WHAT YOU ARE ASKED TO DO> From the entries below, copy every line that holds the word "Hand".

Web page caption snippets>

..........

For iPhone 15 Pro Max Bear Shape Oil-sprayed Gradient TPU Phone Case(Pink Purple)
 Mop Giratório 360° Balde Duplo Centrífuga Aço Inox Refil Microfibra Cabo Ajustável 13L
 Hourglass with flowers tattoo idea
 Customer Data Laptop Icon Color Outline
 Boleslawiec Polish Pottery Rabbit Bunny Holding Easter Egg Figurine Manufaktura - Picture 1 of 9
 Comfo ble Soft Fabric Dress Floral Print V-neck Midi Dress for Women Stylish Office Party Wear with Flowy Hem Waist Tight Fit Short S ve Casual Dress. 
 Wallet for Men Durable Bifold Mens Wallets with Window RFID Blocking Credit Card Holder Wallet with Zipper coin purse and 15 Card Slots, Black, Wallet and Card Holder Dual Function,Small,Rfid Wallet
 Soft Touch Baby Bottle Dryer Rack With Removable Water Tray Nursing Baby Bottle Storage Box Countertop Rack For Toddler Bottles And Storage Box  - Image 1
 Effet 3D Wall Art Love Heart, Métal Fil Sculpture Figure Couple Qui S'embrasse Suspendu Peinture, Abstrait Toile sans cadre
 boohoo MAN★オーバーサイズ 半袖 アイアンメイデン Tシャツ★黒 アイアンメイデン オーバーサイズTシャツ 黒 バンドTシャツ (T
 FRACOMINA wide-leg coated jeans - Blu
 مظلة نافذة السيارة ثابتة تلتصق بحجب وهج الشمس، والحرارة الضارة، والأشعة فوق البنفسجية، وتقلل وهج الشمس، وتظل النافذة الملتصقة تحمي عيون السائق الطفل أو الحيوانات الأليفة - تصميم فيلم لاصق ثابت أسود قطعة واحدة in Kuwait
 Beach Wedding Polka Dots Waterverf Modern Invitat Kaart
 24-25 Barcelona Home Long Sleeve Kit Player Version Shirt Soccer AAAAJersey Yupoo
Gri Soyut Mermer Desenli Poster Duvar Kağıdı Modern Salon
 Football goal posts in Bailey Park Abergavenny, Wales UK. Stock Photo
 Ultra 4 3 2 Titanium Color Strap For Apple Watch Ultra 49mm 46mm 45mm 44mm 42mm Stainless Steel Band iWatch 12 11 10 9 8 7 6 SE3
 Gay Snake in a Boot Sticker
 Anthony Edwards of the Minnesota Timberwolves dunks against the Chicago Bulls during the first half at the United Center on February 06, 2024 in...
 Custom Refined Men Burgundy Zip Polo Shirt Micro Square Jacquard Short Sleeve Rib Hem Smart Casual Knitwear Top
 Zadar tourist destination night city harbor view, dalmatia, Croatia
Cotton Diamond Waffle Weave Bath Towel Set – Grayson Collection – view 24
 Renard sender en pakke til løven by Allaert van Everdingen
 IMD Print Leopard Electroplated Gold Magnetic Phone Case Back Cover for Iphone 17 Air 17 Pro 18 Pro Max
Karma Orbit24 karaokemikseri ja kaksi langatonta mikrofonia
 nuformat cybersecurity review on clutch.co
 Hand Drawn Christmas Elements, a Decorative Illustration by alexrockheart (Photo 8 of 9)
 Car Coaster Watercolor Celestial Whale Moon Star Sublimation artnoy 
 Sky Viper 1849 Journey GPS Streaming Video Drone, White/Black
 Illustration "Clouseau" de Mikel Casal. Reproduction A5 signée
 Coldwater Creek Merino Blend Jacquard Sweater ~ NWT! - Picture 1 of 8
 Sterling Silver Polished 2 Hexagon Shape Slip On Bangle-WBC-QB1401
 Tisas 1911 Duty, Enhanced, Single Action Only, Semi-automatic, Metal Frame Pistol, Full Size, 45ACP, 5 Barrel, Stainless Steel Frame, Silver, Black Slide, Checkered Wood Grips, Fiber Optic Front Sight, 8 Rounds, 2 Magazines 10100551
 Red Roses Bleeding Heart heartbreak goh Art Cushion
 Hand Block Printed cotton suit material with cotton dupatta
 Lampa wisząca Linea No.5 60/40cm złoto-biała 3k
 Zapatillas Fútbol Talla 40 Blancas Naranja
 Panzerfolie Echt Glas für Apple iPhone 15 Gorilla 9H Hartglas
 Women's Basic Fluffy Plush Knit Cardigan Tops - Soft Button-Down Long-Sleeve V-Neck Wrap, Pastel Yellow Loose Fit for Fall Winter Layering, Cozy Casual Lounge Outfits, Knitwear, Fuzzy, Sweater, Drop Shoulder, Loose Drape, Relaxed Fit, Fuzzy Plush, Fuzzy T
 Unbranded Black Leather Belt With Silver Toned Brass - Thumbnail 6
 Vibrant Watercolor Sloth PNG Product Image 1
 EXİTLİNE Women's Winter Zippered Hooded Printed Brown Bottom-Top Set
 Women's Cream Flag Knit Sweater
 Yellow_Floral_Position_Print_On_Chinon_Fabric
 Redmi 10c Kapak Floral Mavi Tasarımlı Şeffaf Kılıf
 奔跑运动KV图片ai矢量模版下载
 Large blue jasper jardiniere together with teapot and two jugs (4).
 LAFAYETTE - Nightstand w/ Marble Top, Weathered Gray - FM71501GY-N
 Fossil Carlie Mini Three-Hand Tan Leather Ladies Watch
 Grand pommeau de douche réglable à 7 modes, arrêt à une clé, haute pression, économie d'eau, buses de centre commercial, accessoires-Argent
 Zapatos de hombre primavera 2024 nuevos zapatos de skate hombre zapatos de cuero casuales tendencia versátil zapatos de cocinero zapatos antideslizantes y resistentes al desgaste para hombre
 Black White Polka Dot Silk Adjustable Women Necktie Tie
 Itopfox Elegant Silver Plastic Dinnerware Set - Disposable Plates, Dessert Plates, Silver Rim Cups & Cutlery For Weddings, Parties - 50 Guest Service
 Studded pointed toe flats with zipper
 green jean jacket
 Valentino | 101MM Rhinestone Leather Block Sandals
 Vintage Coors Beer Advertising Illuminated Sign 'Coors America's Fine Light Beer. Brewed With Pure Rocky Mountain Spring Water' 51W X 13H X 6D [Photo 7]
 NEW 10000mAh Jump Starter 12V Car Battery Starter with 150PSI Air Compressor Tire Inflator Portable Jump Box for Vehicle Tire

..........

EXPECTED ANSWER>
 Hand Drawn Christmas Elements, a Decorative Illustration by alexrockheart (Photo 8 of 9)
 Hand Block Printed cotton suit material with cotton dupatta
 Fossil Carlie Mini Three-Hand Tan Leather Ladies Watch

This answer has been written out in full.